James Ira Ruff, pro se, of Leesville.
PER CURIAM: In this attorney disciplinary matter, respondent and the Office of Disciplinary Counsel (ODC) have entered into an Agreement for Discipline by Consent pursuant to Rule 21, RLDE, Rule 413, SCACR. In the agreement, respondent admits misconduct and consents to the imposition of any sanction provided by Rule 7, RLDE, Rule 413, SCACR. We accept the agreement and indefinitely suspend respondent from the practice of law in this state. The facts, as set forth in the agreement, are as follows.

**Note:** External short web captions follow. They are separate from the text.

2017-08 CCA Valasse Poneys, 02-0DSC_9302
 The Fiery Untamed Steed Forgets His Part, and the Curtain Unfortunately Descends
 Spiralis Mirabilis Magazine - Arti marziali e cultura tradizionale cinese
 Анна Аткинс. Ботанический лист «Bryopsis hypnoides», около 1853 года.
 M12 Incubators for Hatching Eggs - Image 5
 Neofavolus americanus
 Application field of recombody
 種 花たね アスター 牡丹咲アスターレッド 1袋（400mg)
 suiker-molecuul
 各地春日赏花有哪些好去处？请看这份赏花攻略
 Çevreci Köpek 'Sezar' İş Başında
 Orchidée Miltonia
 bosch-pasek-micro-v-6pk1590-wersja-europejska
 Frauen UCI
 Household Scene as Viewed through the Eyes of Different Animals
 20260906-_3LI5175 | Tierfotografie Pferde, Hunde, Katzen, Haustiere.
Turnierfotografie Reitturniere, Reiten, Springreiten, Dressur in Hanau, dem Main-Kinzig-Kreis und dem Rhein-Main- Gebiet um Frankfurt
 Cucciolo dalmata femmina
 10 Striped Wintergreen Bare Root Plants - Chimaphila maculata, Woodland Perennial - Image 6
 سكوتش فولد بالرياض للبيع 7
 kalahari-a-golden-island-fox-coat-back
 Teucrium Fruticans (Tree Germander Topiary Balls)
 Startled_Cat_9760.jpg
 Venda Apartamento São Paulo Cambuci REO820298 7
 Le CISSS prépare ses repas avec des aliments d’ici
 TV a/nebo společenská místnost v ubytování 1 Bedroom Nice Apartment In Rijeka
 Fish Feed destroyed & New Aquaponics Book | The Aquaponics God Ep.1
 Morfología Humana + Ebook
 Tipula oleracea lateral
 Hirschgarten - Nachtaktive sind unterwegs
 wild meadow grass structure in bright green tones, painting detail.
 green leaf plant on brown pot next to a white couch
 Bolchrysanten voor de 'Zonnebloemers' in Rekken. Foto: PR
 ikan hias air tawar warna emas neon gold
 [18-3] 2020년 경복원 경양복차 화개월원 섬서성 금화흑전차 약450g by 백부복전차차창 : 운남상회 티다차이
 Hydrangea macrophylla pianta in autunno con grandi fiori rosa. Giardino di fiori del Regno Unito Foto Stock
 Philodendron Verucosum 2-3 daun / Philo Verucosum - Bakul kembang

By letter dated January 31, 2005, ODC notified respondent of a complaint submitted by Client A and requested a response within fifteen (15) days. Respondent did not respond.
On February 24, 2005, ODC sent respondent a letter pursuant to In the Matter of Treacy, 277 S.C. 514, 290 S.E.2d 240 (1982), and again requested a response. Respondent failed to respond to this letter. Respondent did not respond to ODC until after he was contacted by ODC’s Chief of Investigations.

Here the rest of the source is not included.